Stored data
#####

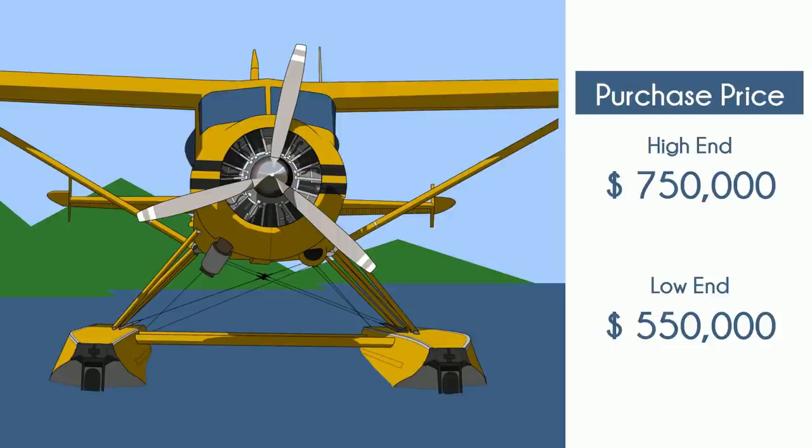Now, as we start to talk about expenses, you'll have to keep in mind that every Beaver has a story that'll curl your hair. They've been through wars, crossed continents, repaired, modified, scrapped, and rebuilt. Today, 75 years since production began, there are no two beavers alike. These numbers come from an average of the sample size that I was able to acquire. Past and future owners will find that their experiences will vary.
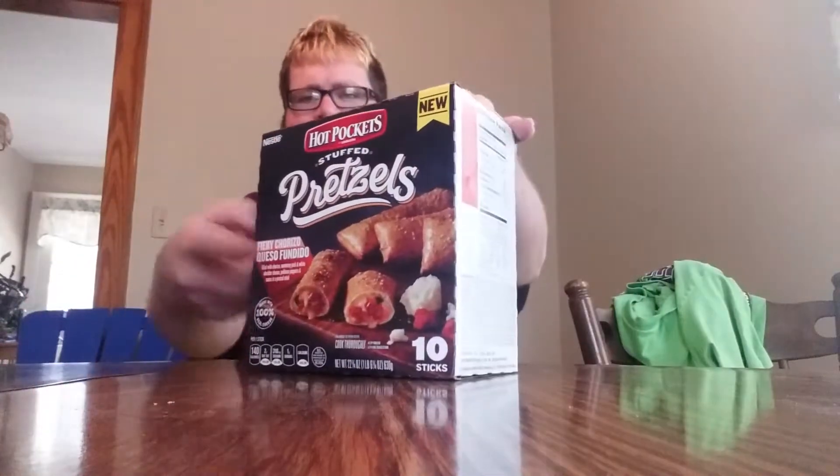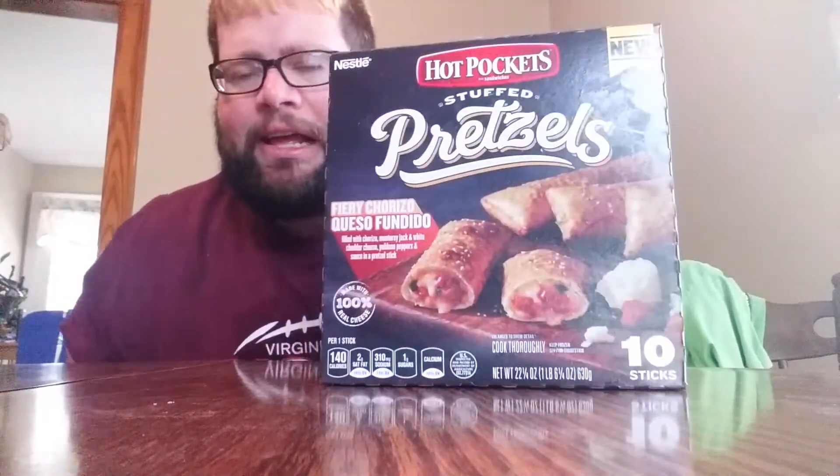So it comes with ten. I got these at Kroger. They're a little more expensive than regular Hot Pockets — about five dollars. Some places might have them for five to six dollars. I wish they would have like a 30-pack at Sam's; maybe they do.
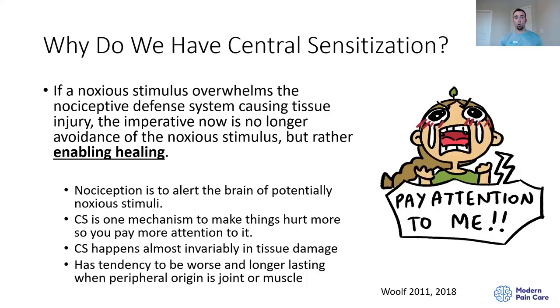Why do we have central sensitization? In a nutshell, it's our nervous system telling us to pay attention. If a noxious stimulus overwhelms the nociceptive defense system causing tissue injury, the imperative is no longer avoidance of a noxious stimulus but rather to enable healing. If we make something extra sensitive, it's more likely to heal because we're more likely to avoid overusing that area. Nociception alerts the brain to potentially noxious stimuli; central sensitization is one mechanism to make things hurt more so you pay more attention.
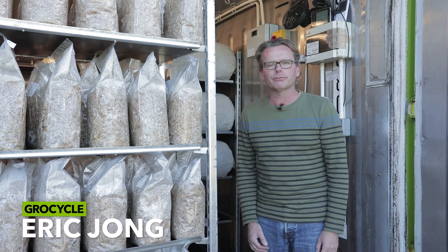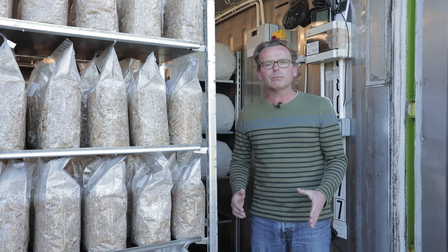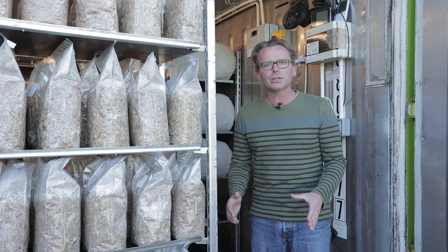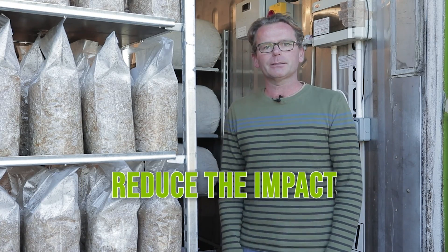We've all been feeling the impact of inflation recently and in today's video we want to discuss how it impacts on us mushroom growers specifically, and we'll also share some ways to reduce the impact.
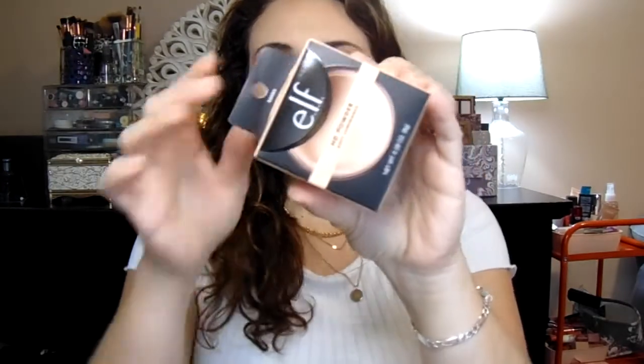I found this e.l.f. HD Powder. I've never seen this at TJ Maxx before and I really wanted to try it. This was $2.99, which is a great price. It's a high definition loose powder that creates a soft focus effect on the skin, helps mask fine lines and imperfections for a radiant-looking complexion. It's supposed to give you a more illuminating look rather than matte, which I love. For $2.99, you just can't go wrong.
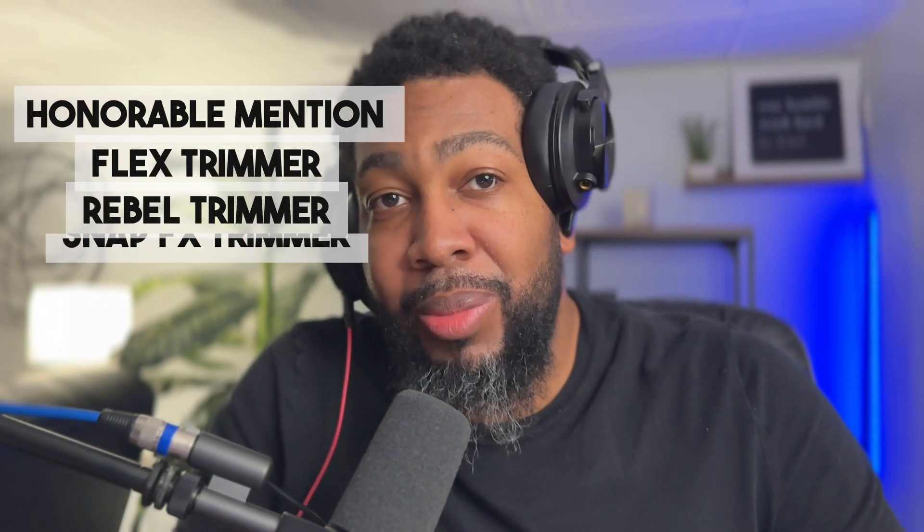There are going to be a lot of honorable mentions like the Flex, the Rebel, and the Snap Effects. I could have added more but I wanted to keep it at 10. I think it's very important for us to understand that any trimmer can be your number one — to me, these are the ones I feel are most effective to have on your station.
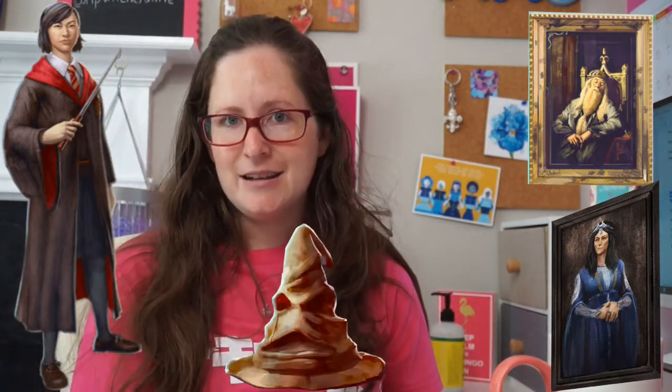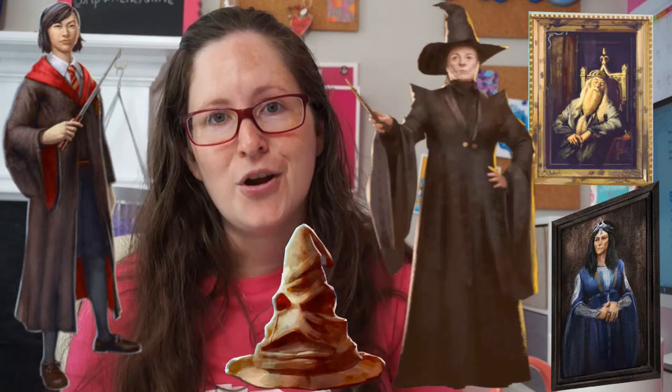This will be about the Hogwarts School Registry and the boosted foundables for the weekend. The boosted foundables will be the Gryffindor student, the portrait of Albus Dumbledore, the portrait of Rowena Ravenclaw, the Sorting Hat, and Minerva McGonagall herself.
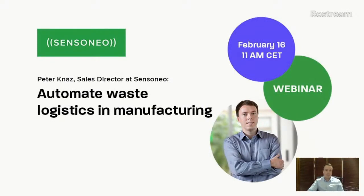Welcome everyone to the Sensor Nail YouTube channel. My name is Peter Knaza, I'm the sales director at Sensor Nail, and today I will guide you through our solution for automation of waste management in logistics, manufacturing, and facility management.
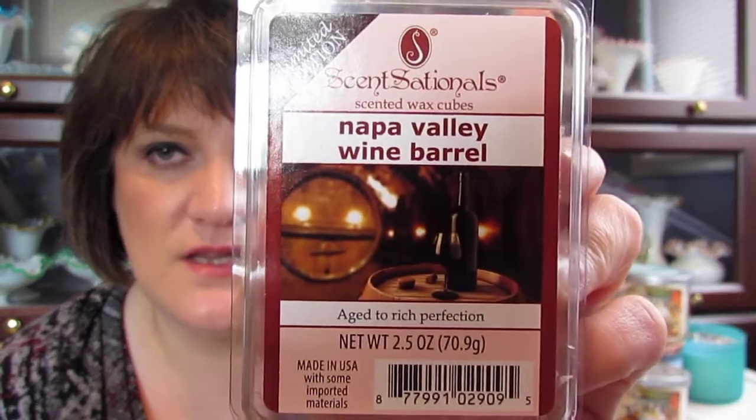I'd seen someone talking about these wax melts that they get at Walmart, so I went there today and picked up 10 of them. The first one I got was the White Wax Cubes in Napa Valley — wine barrel aged to rich perfection. I love Napa Valley; I've been there once and can't wait to go back. Hopefully it'll kind of remind me of Napa Valley, and it smells very good.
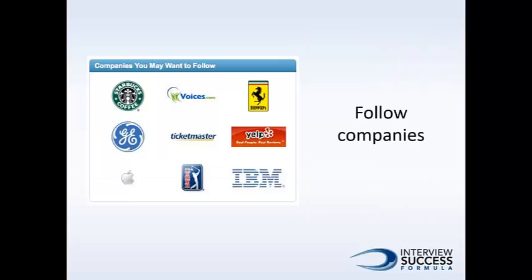Second, you'll want to follow companies to research them and stay up to date on what they're doing. That way you'll become an expert on the latest happenings in the company. This will benefit you when you connect with others in the company and ask about employment opportunities.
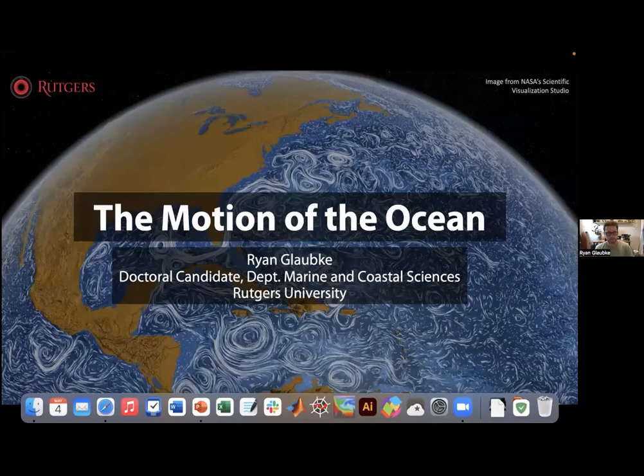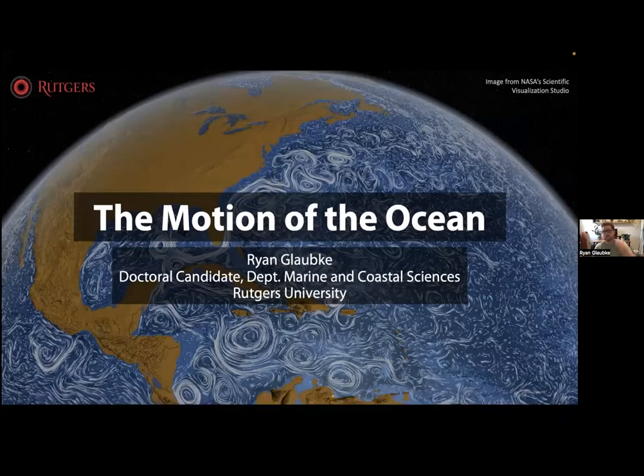Now I would like to introduce our speaker for tonight — Ryan Globke, who will be talking to us about the oceans. Ryan, go ahead and take it away. Thanks Ria, and thank you all for tuning in and participating in trivia and crafts. This is actually my first late night — it seems like a fun time, and everyone at the museum does a great job putting this together. I wish we could be doing this in person, but I'm excited to chat with you today about ocean circulation — quite literally, the motion of the ocean.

#####

» Work instructions:
Set every entry down again exactly as written, and omit the images.

» Response to the task:
Now, as we start to talk about expenses, you'll have to keep in mind that every Beaver has a story that'll curl your hair. They've been through wars, crossed continents, repaired, modified, scrapped, and rebuilt. Today, 75 years since production began, there are no two beavers alike. These numbers come from an average of the sample size that I was able to acquire. Past and future owners will find that their experiences will vary.
So it comes with ten. I got these at Kroger. They're a little more expensive than regular Hot Pockets — about five dollars. Some places might have them for five to six dollars. I wish they would have like a 30-pack at Sam's; maybe they do.
Why do we have central sensitization? In a nutshell, it's our nervous system telling us to pay attention. If a noxious stimulus overwhelms the nociceptive defense system causing tissue injury, the imperative is no longer avoidance of a noxious stimulus but rather to enable healing. If we make something extra sensitive, it's more likely to heal because we're more likely to avoid overusing that area. Nociception alerts the brain to potentially noxious stimuli; central sensitization is one mechanism to make things hurt more so you pay more attention.
We've all been feeling the impact of inflation recently and in today's video we want to discuss how it impacts on us mushroom growers specifically, and we'll also share some ways to reduce the impact.
I found this e.l.f. HD Powder. I've never seen this at TJ Maxx before and I really wanted to try it. This was $2.99, which is a great price. It's a high definition loose powder that creates a soft focus effect on the skin, helps mask fine lines and imperfections for a radiant-looking complexion. It's supposed to give you a more illuminating look rather than matte, which I love. For $2.99, you just can't go wrong.
There are going to be a lot of honorable mentions like the Flex, the Rebel, and the Snap Effects. I could have added more but I wanted to keep it at 10. I think it's very important for us to understand that any trimmer can be your number one — to me, these are the ones I feel are most effective to have on your station.
This will be about the Hogwarts School Registry and the boosted foundables for the weekend. The boosted foundables will be the Gryffindor student, the portrait of Albus Dumbledore, the portrait of Rowena Ravenclaw, the Sorting Hat, and Minerva McGonagall herself.
Welcome everyone to the Sensor Nail YouTube channel. My name is Peter Knaza, I'm the sales director at Sensor Nail, and today I will guide you through our solution for automation of waste management in logistics, manufacturing, and facility management.
I'd seen someone talking about these wax melts that they get at Walmart, so I went there today and picked up 10 of them. The first one I got was the White Wax Cubes in Napa Valley — wine barrel aged to rich perfection. I love Napa Valley; I've been there once and can't wait to go back. Hopefully it'll kind of remind me of Napa Valley, and it smells very good.
Second, you'll want to follow companies to research them and stay up to date on what they're doing. That way you'll become an expert on the latest happenings in the company. This will benefit you when you connect with others in the company and ask about employment opportunities.
Now I would like to introduce our speaker for tonight — Ryan Globke, who will be talking to us about the oceans. Ryan, go ahead and take it away. Thanks Ria, and thank you all for tuning in and participating in trivia and crafts. This is actually my first late night — it seems like a fun time, and everyone at the museum does a great job putting this together. I wish we could be doing this in person, but I'm excited to chat with you today about ocean circulation — quite literally, the motion of the ocean.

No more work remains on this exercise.